Dear President Obama,
As you prepare for the state visit of Singapore’s Prime Minister Lee Hsien Loong on August 2, 2016, we write to highlight key human rights concerns that we hope you will raise in both public and private with Prime Minister Lee. These include issues of freedom of speech, assembly, and association, and the rights of LGBT people. We provide further detail on these topics in the appendix to this letter.
Singapore’s political environment is highly stifling, and citizens face severe restrictions on their basic rights to freedom of expression, association and peaceful assembly. The government of Singapore effectively controls the print media, and online media outlets are forced to register with the government and post a significant bond. Bloggers who comment on political issues are targeted for prosecution using vague and overly broad legal provisions on public order, morality, security, and racial and religious harmony. For example, Alex Au, a popular blogger and LGBT activist, was convicted in January 2015 of violating the archaic offense of “scandalizing the judiciary” because he posted a critical comment about case management in the court’s handling of two constitutional challenges to Singapore’s anti-sodomy law.
Outspoken activists are subject to government harassment. In May 2016, the police intensively interrogated political activist and blogger Roy Ngerng Yi Ling and long-time activist Teo Soh Lung on grounds of allegedly violating election laws restricting political campaigning during a “cooling-off period” before the recent by-election. The enforcement action was prompted by posts they put on their personal Facebook pages. The authorities’ use of the law against private individuals was unprecedented since the election law specifically permits “the transmission of personal political views by individuals to other individuals, on a non-commercial basis, using the Internet.” The heavy-handed action by the police, who searched the homes of both Teo and Ngerng, seizing phones and computers, appeared to be an effort to intimidate the outspoken activists.

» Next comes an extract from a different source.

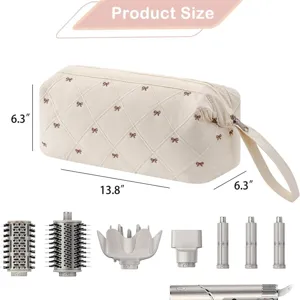 Quilted hair dryer storage bag with cute bow embroidery, portable cosmetic and styling tool bag.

Over the years, the government of Singapore has regularly used politically motivated defamation suits to bankrupt and silence critics and political opponents. More recently, Prime Minister Lee sued the activist noted above, Roy Ngerng Yi Ling, for defamation, seeking hundreds of thousands of dollars for damages allegedly caused by a single blog post criticizing the management of the government’s Central Provident Fund. In December 2015, the court ordered Ngerng to pay 150,000 Singapore dollars (US$111,166) in damages and S$29,000 (US$21,492) in legal costs.
Public demonstrations and other assemblies remain severely limited, with a permit required for any assembly outside of Hong Lim Park, where the so-called “Speaker’s Corner” is situated. Even events held within Hong Lim Park can result in prosecution or harassment by the authorities. Activist Jolovan Wham was given a “stern warning” by the police after two Hong Kong citizens attended a protest he organized in solidarity with the Occupy Hong Kong movement, even though he made clear, in promotional materials and at the event itself, that participation by non-citizens was not permitted under Singapore’s laws. Other activists have been charged for holding an “unauthorized demonstration” on the grounds that they checked the box, in the online registration form for use of Hong Lim Park, for “speeches” rather than the one for a “demonstration.” Even efforts to hold a candlelight vigil in response to last month’s Orlando shootings were hampered by restrictions that make it impossible to plan and hold an event on the same day, and include restrictions on speakers at assemblies in Hong Lim Park.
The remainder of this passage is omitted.